Research highlight

Animal behaviour: How did the Fukushima disaster affect pet dogs?

Scientific Reports

October 11, 2012

A comparison of the behaviour and levels of the stress hormone cortisol in dogs abandoned after the Fukushima nuclear accident in 2011 and those abandoned in another region of Japan is published in the journal Scientific Reports. The behavioural and endocrine responses of dogs from the Fukushima region suggest they underwent a period of extreme stress, which persisted even after resocialization training and care.

The Tohoku earthquake of 11 March 2011 and subsequent nuclear incident has left around 340,000 Japanese people living as refugees. The accident and prolonged refugee situation has also led to the unintentional abandonment of many pets. Students at the University of Azabu have been conducting a program to place dogs from a rescue centre in Kanagawa with new owners, after the provision of psychosomatic care in a training facility. In 2011, these services were also provided for disaster-affected dogs from Fukushima.

During resocialization training, Miho Nagasawa, Kazutaka Mogi and Takefumi Kikusui assessed the dogs’ behavioural characteristics and urine cortisol levels. They found that compared to dogs from Kanagawa, the Fukushima dogs showed significantly lower levels of aggression towards unfamiliar people, lower trainability and lower attachment to carers. The urine cortisol levels of the Fukushima dogs were also five to ten times higher, a trend which persisted even after 10 weeks, suggesting the disaster had a prolonged impact on these animals.

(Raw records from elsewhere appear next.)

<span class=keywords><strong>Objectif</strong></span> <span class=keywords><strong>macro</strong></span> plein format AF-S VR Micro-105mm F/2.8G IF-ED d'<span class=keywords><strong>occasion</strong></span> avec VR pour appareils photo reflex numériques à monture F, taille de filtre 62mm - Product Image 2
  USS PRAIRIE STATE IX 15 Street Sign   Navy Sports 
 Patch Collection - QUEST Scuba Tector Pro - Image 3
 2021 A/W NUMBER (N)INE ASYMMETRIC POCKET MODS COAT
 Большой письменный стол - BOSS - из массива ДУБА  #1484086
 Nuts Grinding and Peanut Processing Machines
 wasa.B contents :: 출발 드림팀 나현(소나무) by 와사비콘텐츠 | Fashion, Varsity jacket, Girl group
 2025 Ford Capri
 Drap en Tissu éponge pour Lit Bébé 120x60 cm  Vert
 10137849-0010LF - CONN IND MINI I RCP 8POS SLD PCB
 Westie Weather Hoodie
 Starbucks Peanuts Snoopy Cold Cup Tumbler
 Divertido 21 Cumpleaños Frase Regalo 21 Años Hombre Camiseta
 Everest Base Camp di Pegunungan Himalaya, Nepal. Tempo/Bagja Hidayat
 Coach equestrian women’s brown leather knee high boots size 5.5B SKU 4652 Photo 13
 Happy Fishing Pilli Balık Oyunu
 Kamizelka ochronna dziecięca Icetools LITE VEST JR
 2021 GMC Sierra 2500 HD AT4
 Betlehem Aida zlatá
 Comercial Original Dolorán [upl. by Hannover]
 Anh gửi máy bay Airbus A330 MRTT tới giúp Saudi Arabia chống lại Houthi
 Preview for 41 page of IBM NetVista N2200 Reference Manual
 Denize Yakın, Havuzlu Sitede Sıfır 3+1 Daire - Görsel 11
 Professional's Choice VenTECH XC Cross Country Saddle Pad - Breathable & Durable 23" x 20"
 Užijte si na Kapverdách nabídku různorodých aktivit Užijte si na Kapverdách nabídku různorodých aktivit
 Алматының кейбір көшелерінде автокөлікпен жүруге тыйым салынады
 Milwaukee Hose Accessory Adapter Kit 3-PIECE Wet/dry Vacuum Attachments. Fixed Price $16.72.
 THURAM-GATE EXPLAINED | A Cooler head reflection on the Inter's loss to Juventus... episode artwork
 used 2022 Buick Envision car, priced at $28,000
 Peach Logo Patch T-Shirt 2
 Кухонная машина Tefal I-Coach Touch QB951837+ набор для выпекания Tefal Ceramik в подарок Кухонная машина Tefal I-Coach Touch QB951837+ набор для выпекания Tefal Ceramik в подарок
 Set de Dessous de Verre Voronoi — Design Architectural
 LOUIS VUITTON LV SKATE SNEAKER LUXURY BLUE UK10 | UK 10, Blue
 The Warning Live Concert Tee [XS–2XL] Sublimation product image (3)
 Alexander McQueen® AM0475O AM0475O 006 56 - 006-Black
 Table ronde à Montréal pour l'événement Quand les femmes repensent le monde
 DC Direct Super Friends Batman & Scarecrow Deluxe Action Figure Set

As the study was based on a limited number of samples, it was difficult to eliminate factors other than the experience of the disaster in Fukushima, the authors caution. The Fukushima dogs were relatively older than the others, for example, although the authors found no age-related effects, suggesting the dogs’ experience after the disaster was the most significant factor. Further research is needed into the long-term impacts of disasters on pets, the authors conclude.